Additionally, I do not engage in vague or generalized objectives such as trying to beat the market.  Instead, I endeavor to have an exact and realistic objective and precisely estimated return calculation that is commensurate with the type of common stock I may be examining.  For example, if I was looking for maximum current yield and reasonable safety in order to provide a specific level of current spendable income, that is where my focus and analysis would be.  With this need for a current income objective, I might turn to researching high-yield low-growth utility stocks.

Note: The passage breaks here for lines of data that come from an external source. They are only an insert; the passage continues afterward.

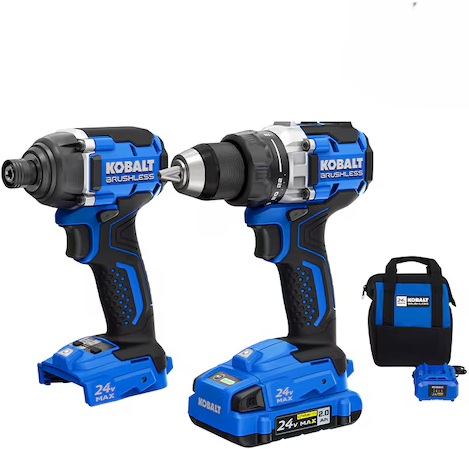 Kobalt 24-volt 2-Tool Brushless Power Tool Combo Kit with 2.0 and 4.0 battery Deal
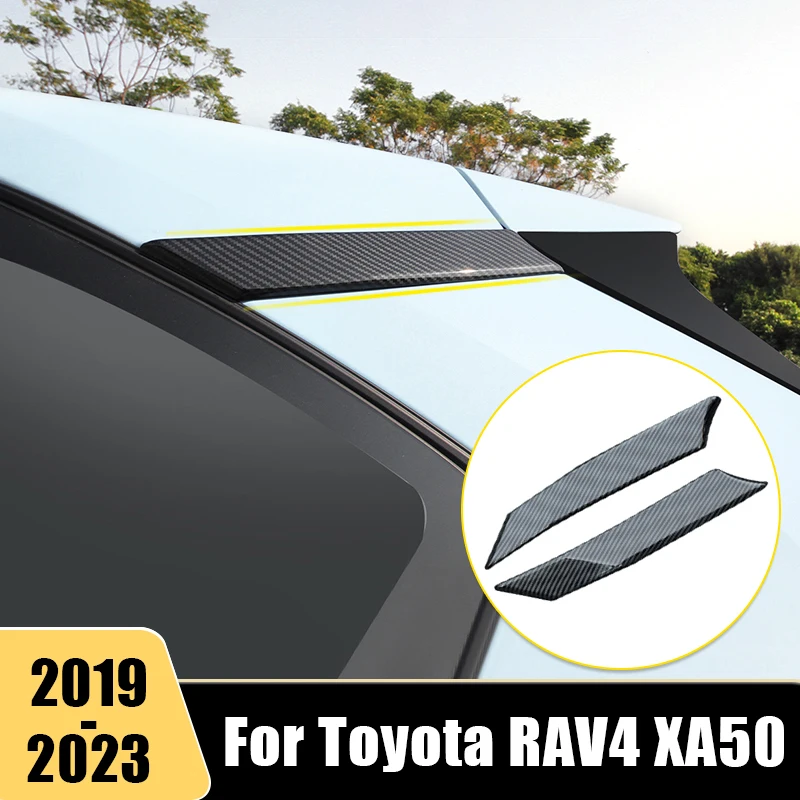 

For Toyota RAV4 2019 2020 2021 2022 RAV 4 XA50 Carbon Fiber Car Rear Window C Pillar Sticker Trim Cover Exterior Accessories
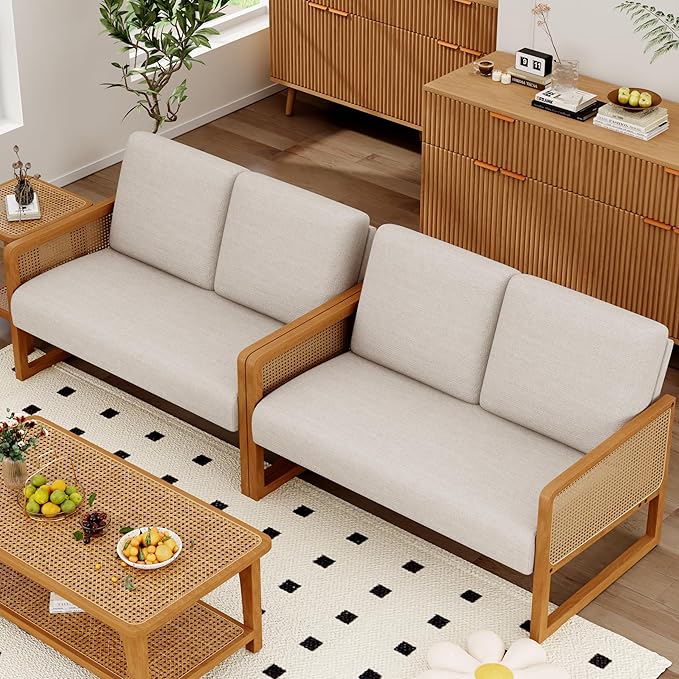 Alunaune Modern Loveseat Bench Couch with Natural Rattan Arm Upholstered Linen Small Love Seat Sofa 2-Seats Living Room Couch Settee Comfy Lounge Recliner Chair-Ivory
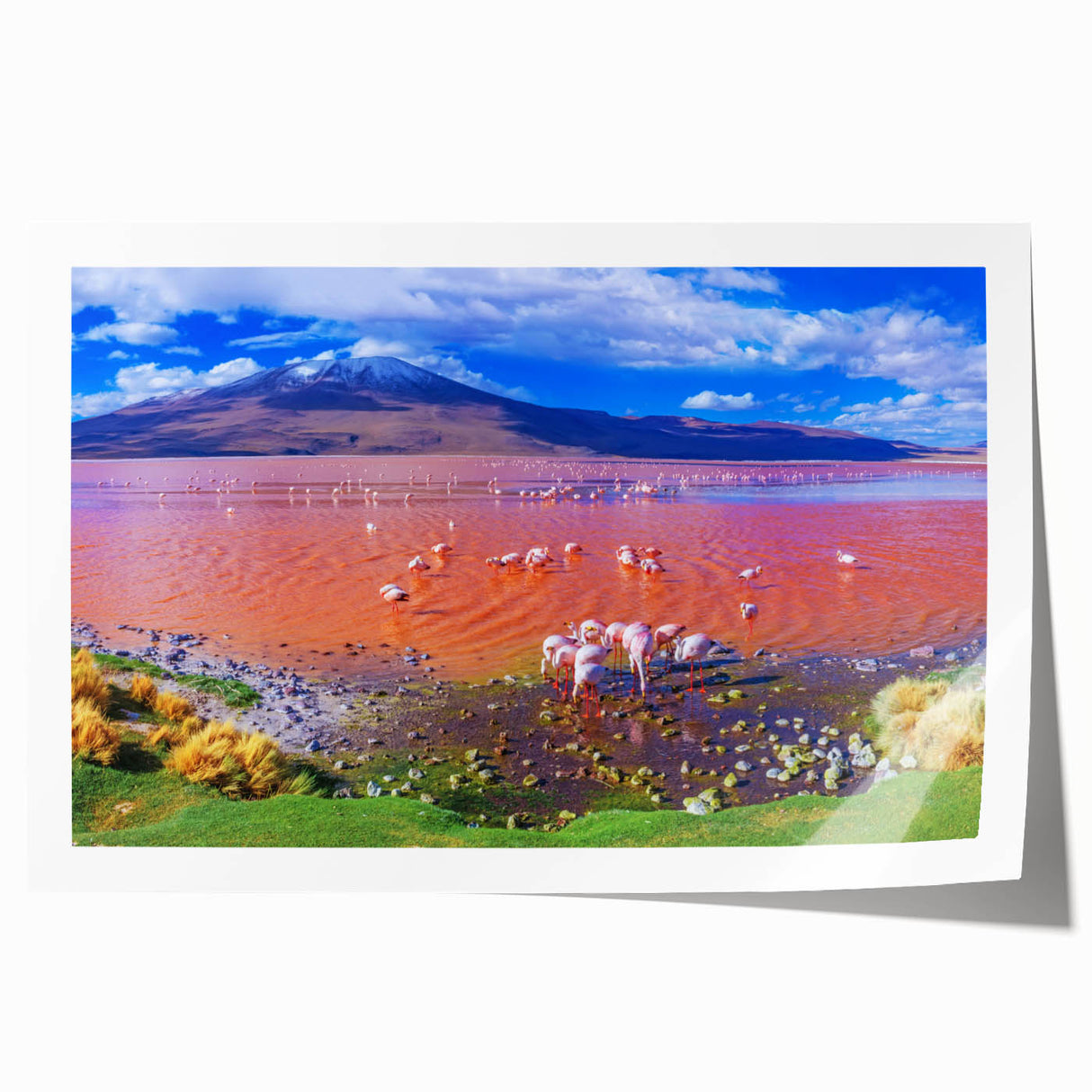 Extra large rolled print of a Bolivian landscape with muted earth tones, ideal for dining room decor.
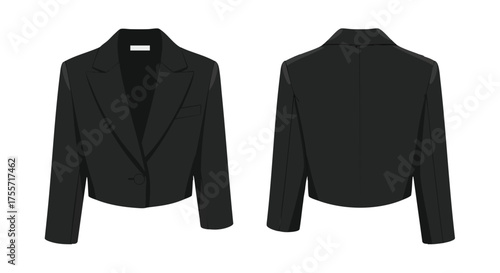 Chic Cropped Blazer Illustration: Front and Back View of a Sleek Black Jacket for Modern Style Visualizations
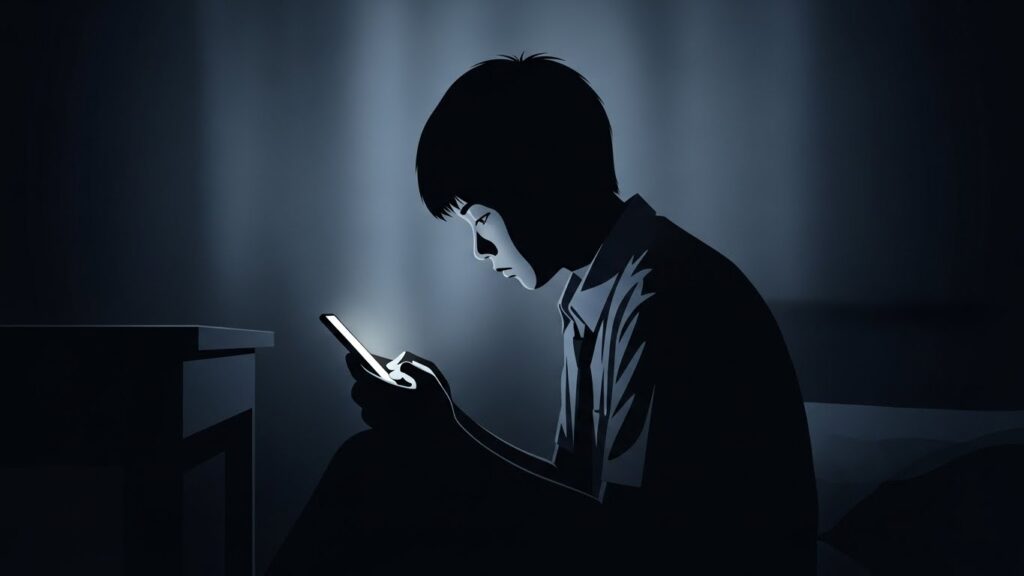 暗い部屋で一人スマホを見つめる中学生のシルエット。親が気づきにくいオンライン上のリスクを象徴する画像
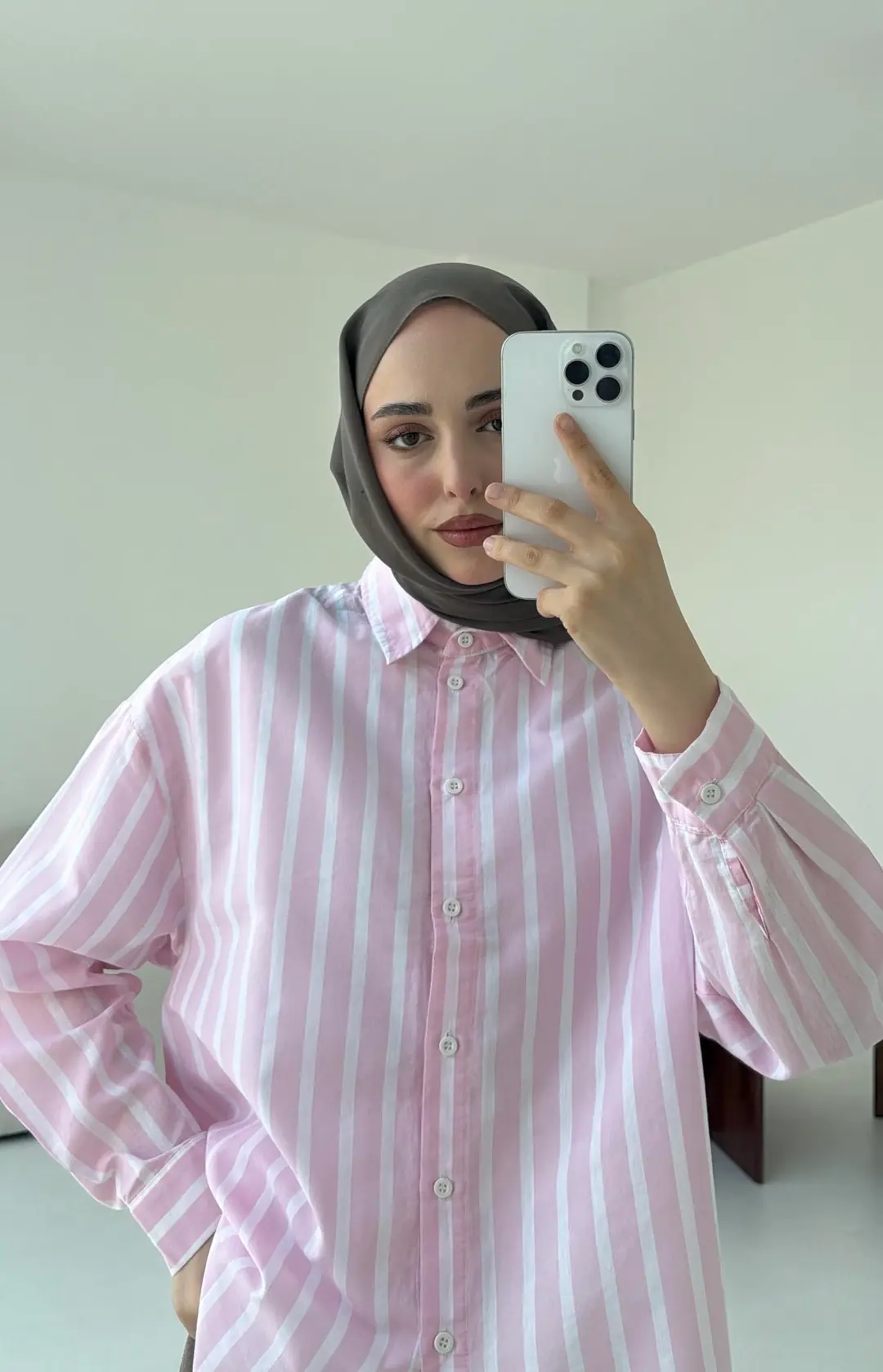 Kalın Çizgili Gömlek Pembe - Görsel 2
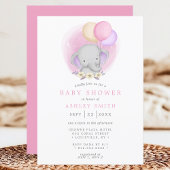 Invitation Baby shower d'aquarelle aux ballons floraux élépha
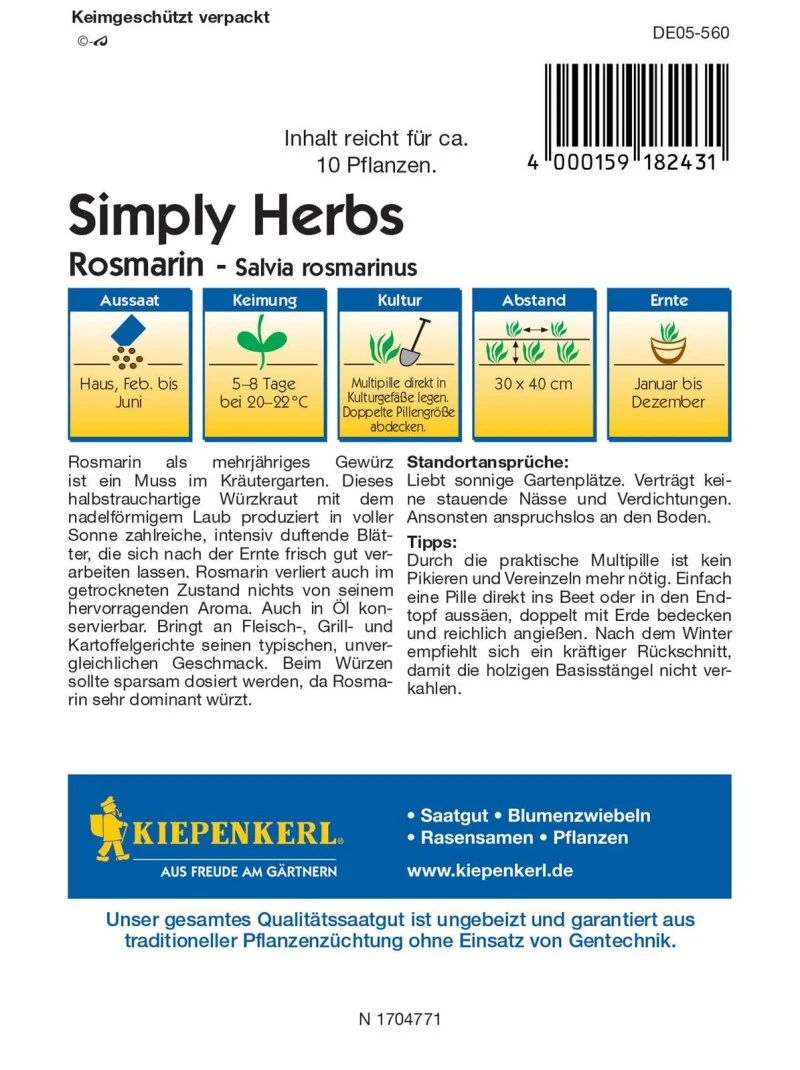 Rosmarin SimplyHerbs, Praktische Multipille, Mehrjährige Gewürz Ist Ein Muss In Jedem Kräutergarten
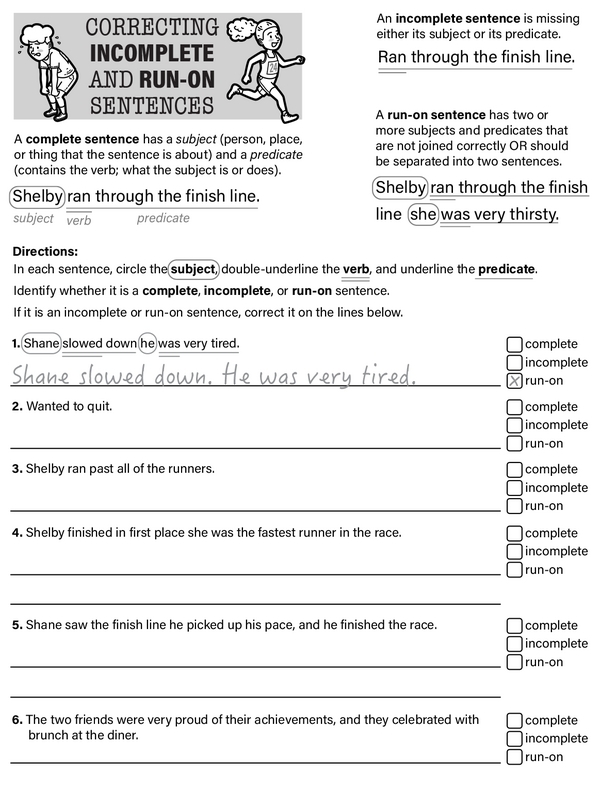 Third grade students practicing how to fix incomplete and run-on sentences with a worksheet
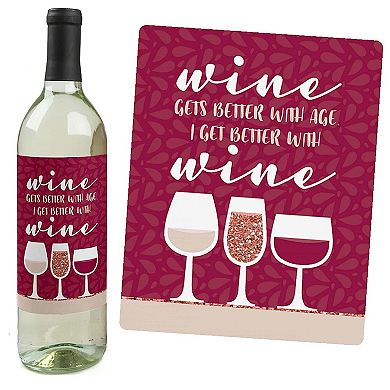Big Dot Of Happiness But First, Wine Wine Tasting Party Decor Wine Bottle Label Stickers 4 Ct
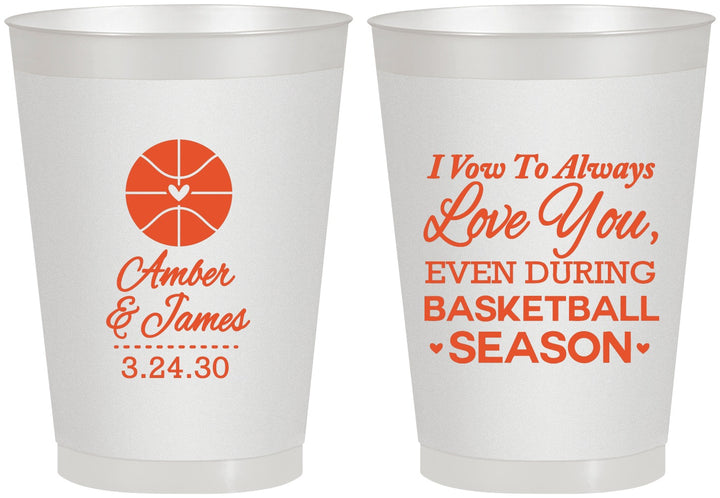 Personalized Wedding 8 oz Frosted Cups - Basketball | 304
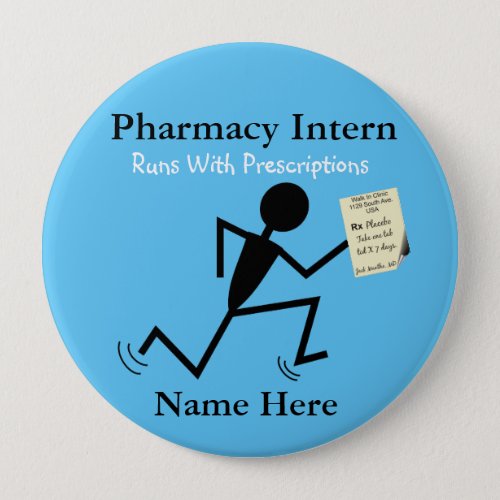 Pharmacy Intern Name Pins Badge Blue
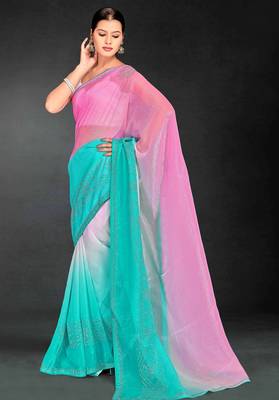 Pink & sky color hot fix siroski work crunchy pedding silk blend saree with banglori silk blend blouse 2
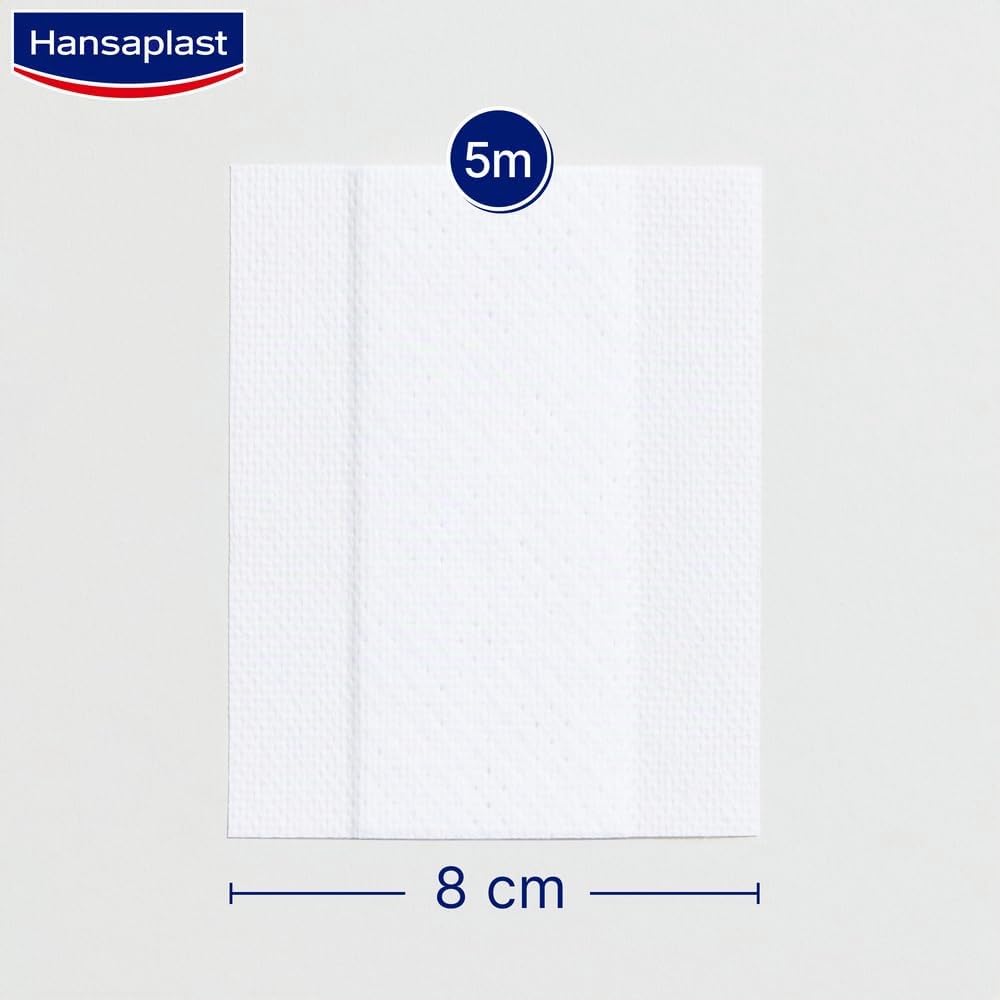 Hansaplast Sensitive Pflaster (5 m x 8 cm), zuschneidbare und hautfreundliche Wundpflaster mit sicherer Klebkraft, schmerzlos zu entfernende Pflaster (Packung mit 2)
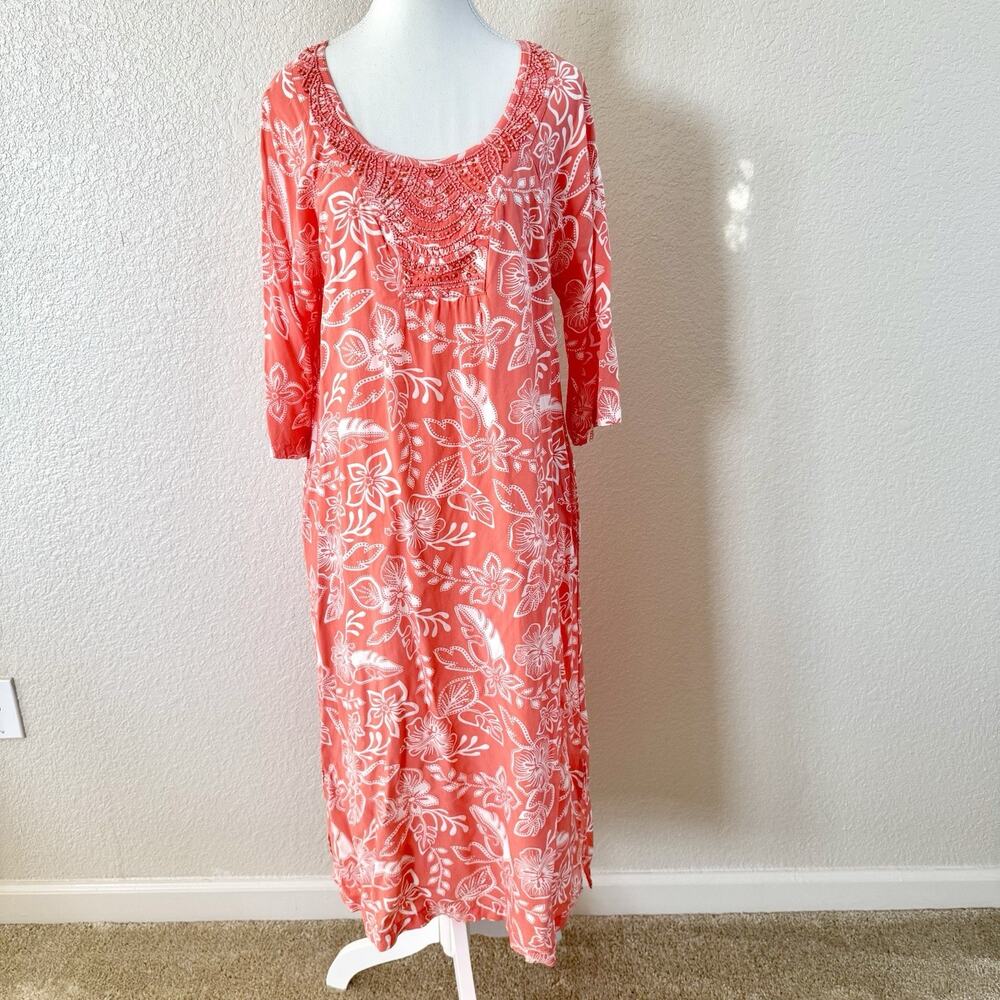 Patio Casuals Cabernet Dress Small Coral Floral Beaded Neck Muumuu Midi Pockets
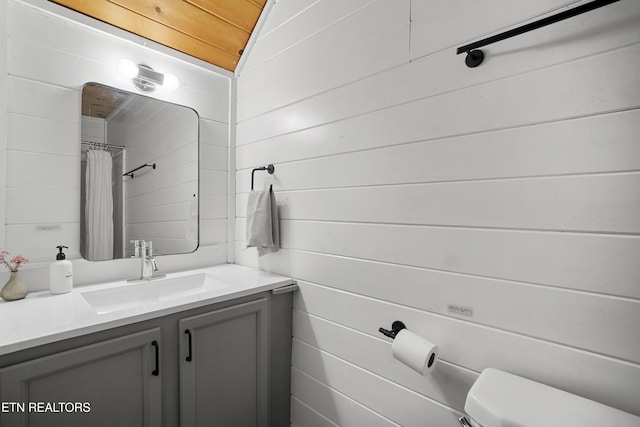 bathroom featuring vanity, toilet, wood walls, and curtained shower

However, and this is the crux of my position, I would not invest in a utility stock thinking that I will outperform the market in either capital appreciation or total return.  Utilities tend to be slow growers, and as such, do not usually produce high capital appreciation.  On the other hand, when I invest in a utility stock, I fully expect to receive significantly more income than the market would provide.  Consequently, I would measure the success or failure of this investment based solely on the dividend income I expect to receive.

In contrast, if I was looking for high total return, my focus would primarily be on the earnings growth potential of the stock I was considering.  If I was desirous of generating a high total return capable of beating the market, I would look for a company that I was confident would generate a higher earnings growth rate than the market. And most importantly, in either case, whether I was investing for current income or total return, fair and sound current valuation would have to be evident.  Fair valuation is the universal principle that prudent investors are wise to consider regardless of the type of investment or return objective that is desired.

Once my general investment objective is clearly defined and established, my focus then turns toward a specific and precise return calculation.  In other words, I never invest in a stock merely hoping that it might go up.  Instead, I always have a specific return number and objective that I expect my investment in a specific stock can provide.  Moreover, my precise return expectations are always based on rational assumptions which I input into standard rate of return calculation formulas.  These rates of return assumptions, based on rational inputs, become my benchmark that I closely and continuously monitor and evaluate.

Ameriprise Financial Inc: Double Digit Total Return Potential and Dividend Growth

The research candidate I am reviewing in this article, Ameriprise Financial Inc (AMP), is offered for the consideration of those retired or dividend growth investors in need of above-average total return.  In the long run, the future total rate of return that an investor can expect from a given stock will be a function of three critical inputs.  These are the future rate of change of earnings growth, the future rate of change of dividends (if the company pays one) assumed to be consistent with earnings growth, and finally the valuation that was paid at time of purchase.  Total return is comprised of two components capital appreciation plus dividend income (if any).

In the specific case of Ameriprise, the consensus earnings growth rate out to fiscal year-ending 12/31/2017 is 13.4%.  However, the 3 to 5-year longer-term earnings growth expectation is even higher at 19.4%. That is significantly above expectations for the market, and therefore, a very attractive opportunity for potentially achieving long-term double-digit total returns.